Ça ne change pas grand-chose puisque je l’ai vite refermé. « C’était bien lui. Elle l’observait comme on fixe le destin dans les yeux. Elle lui appartenait déjà. Il n’y avait pas à lutter. Elle lui appartenait. Puisque après quinze ans il était revenu et avait frappé à la porte, peu importe ce qu’il lui demanderait, elle donnerait. Elle consentirait, là, sur le pas de sa porte, elle consentirait à tout. » Que voulez-vous, convenez que quand on lit ça, on croit avoir affaire à un pastiche (de Guy des Cars).
Quand on lit ça, on n’a rien lu, et pourtant, c’est comme si on avait tout lu de Laurent Gaudé.
Mais peu importe le Gaudé, car c’est de critique et de Goncourt que je veux parler.
C’est la mode de dire que la critique est facile. Si on le répète autant, c’est que justement c’est pas vrai. La critique, c’est un art en péril aujourd’hui. Elle est mourante, la critique, même s’il reste des critiques bien nourris et en bonne santé, des tas.

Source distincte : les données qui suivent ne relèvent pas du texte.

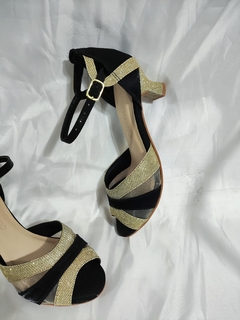 REF: 1014 Sandália Preta/3D Ouro - comprar online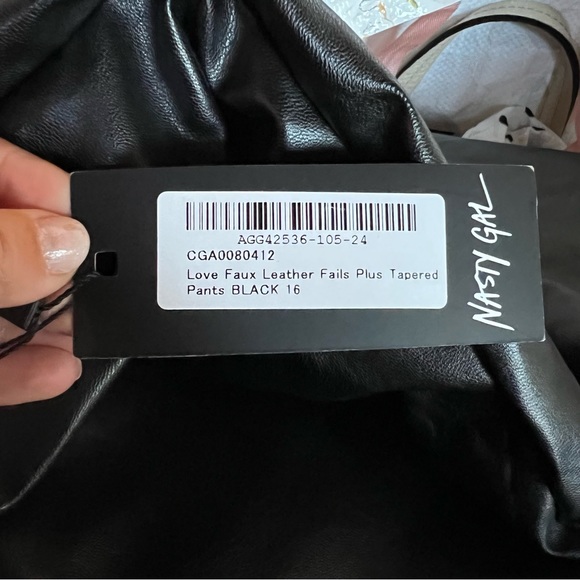 NWT Nasty Gal Faux Leather Tapered Pants - Picture 8 of 10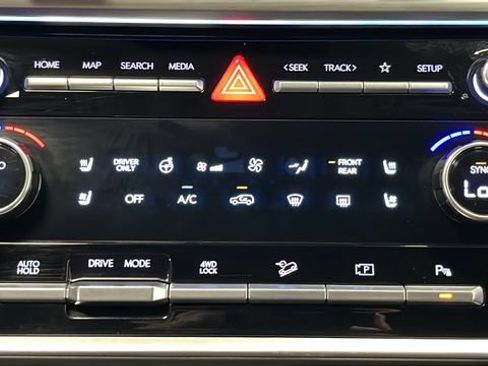 Used 2025 Hyundai Santa Fe Limited AWD/4WD image 18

Tenez, Assouline, par exemple, capable parfois de touchants élans de sincérité, eh bien lui aussi se sent obligé de nous seriner l’antienne des jurés Goncourt repentis (sur son blogue). Mais ça ne prend pas. Les jurés Goncourt font plutôt penser à de vieilles putes ratatinées qui essaient de s’acheter une conduite. Leur influence s’est réduite ces dernières années, comme peau de chagrin. Le Goncourt, qui n’a jamais été un gage de qualité, n’est même plus un gage de quantité ! En élisant Gaudé, qui a déjà vendu 80000 exemplaires de son roman de gare, ils se sont mis à l’abri de ce genre de remarque ironique, voilà tout. C'est qu'il y a de la concurrence entre les jurys, on digère moins peinard chez Drouant qu'autrefois.

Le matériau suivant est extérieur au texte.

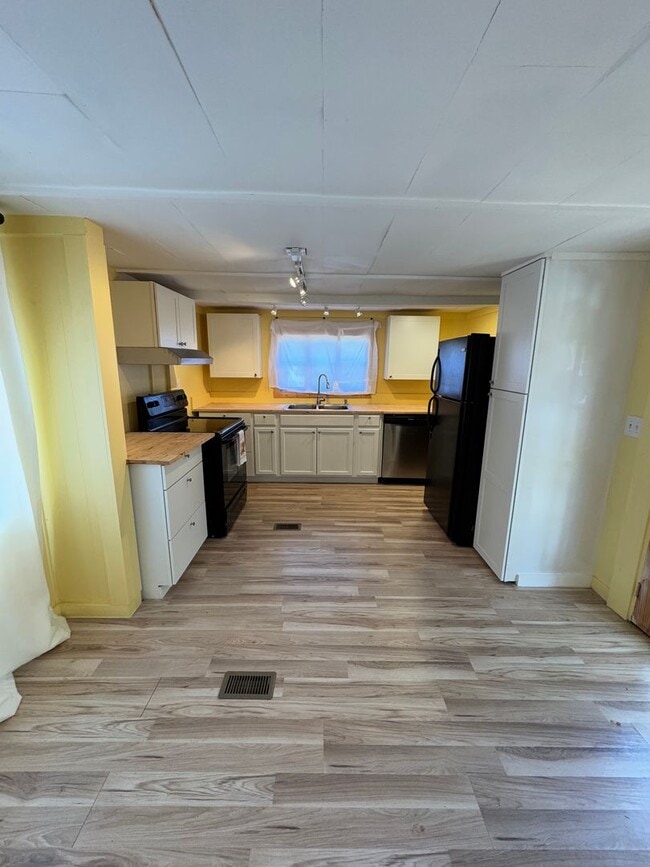 Photo - 87 Poplar Dr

Quant à Patrick Besson, dont je gage, avant même de l’avoir parcouru, que le dernier recueil de chroniques paru (Solderie) est un meilleur remède pour l’esprit que tous les Goncourt - mettons de ces cinquantes dernières années -, c'est presque le dernier à tenter de jouer le jeu de la critique.

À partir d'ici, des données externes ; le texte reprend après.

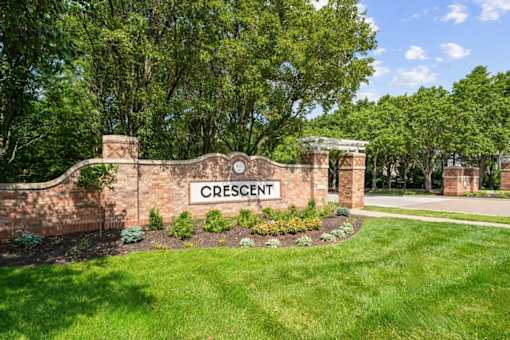 Property Signage at Crescent Apartment Homes, Kansas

Regardez-le bien, c’est un mec costaud et habile, Patrick Besson. À mon avis, il préfigure ce que devra être le critique post-moderne s’il veut survivre dans cette jungle, trancher la tête au crotale Savigneau d’un revers de plume, écraser du talon l’aspic Nourrissier, fendre le crâne du bœuf Durand : un mec costaud, du ciboulot comme du biceps, un vrai Rambo des lettres, d’origine yougoslave si possible, ça impressionne l’adversaire.